73.CHEMICAL BONDING (20)- Covalent Bonding(19)- Bent’s rule(2).

After having learnt the statement of Bent’s rule in the earlier post , let us now study the rule with some examples.

We know that bond angle(θ) ∝ % s character ( from post no 71) .Then , according to Bent’s rule ,

737.jpg

Now let us apply this to various examples and study Bent’s rule . 

Example 1 – Methyl Fluoride (CH3F molecule) .

738.jpg

In a methyl fluoride molecule , fluorine is the most electronegative element. Just like methane (CH4) , this molecule is sp3 hybridised too.However, the distribution of s- character is not uniform in all hybrid orbitals and so bond angles change too.This change is due to the presence of F atom.  We can predict the change in bond angles using Bent’s rule.
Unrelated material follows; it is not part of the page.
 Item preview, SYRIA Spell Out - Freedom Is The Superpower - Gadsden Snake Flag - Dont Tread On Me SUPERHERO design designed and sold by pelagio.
According to Bent’s rule, the orbital with less %s character will be directed towards the more electronegative element. So, we can conclude that , the bond between C- F has less % s- character compared to C-H bonds. Also, the bond angle will decrease. Experimentally the H-C-F bond angle is found to be 108.2º , which is less than 109.5º .
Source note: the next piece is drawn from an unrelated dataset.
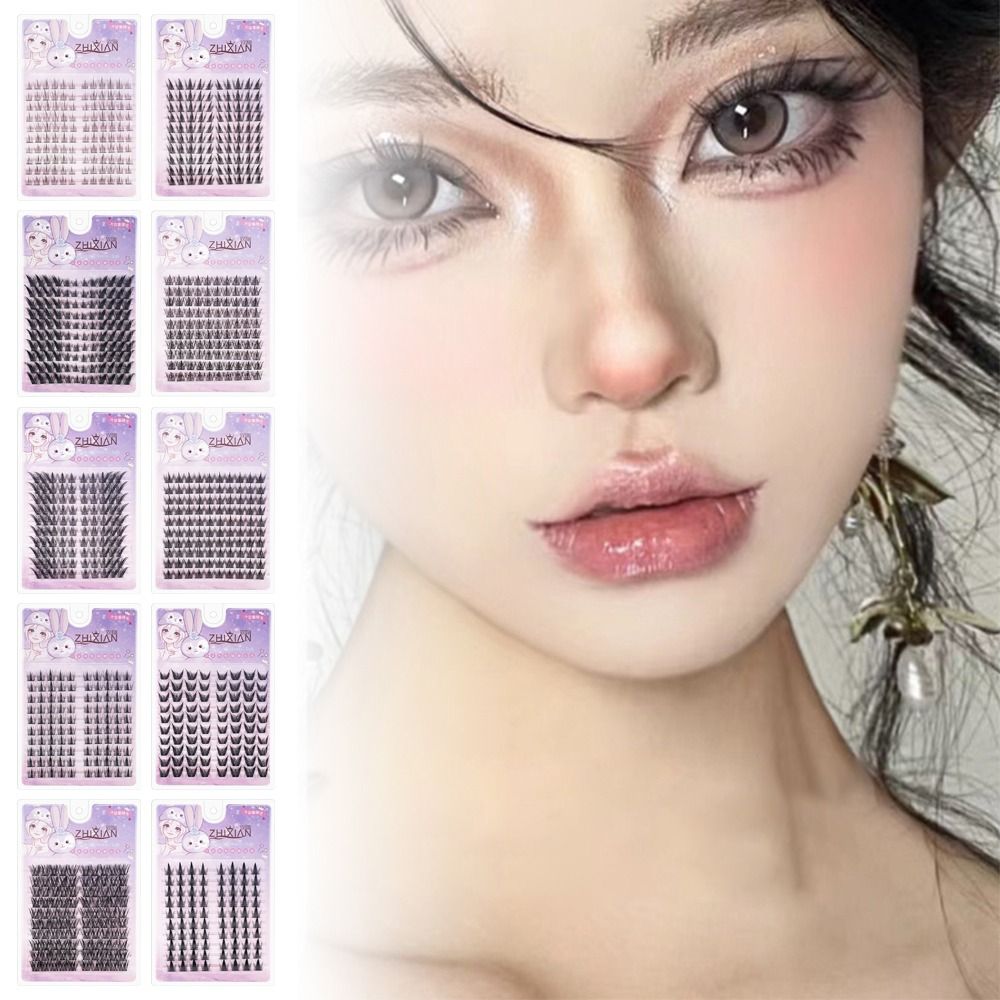 Eyelash Extension Anime Style - Jelly แถบกาว Sunflower ขนตาปลอม Eyelashes Extension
When the %s character in C- F bond decreases, it is accounted for by increase in the  %s-character in the other three C-H bonds. So, C-H bonds have more %s character than expected ,resulting in increase in bond angle between them. Experimentally , the H-C-H bond is found to be 110.2º.

739.jpg

Example 2 –  Sulphur tetrafluoride (SF4) .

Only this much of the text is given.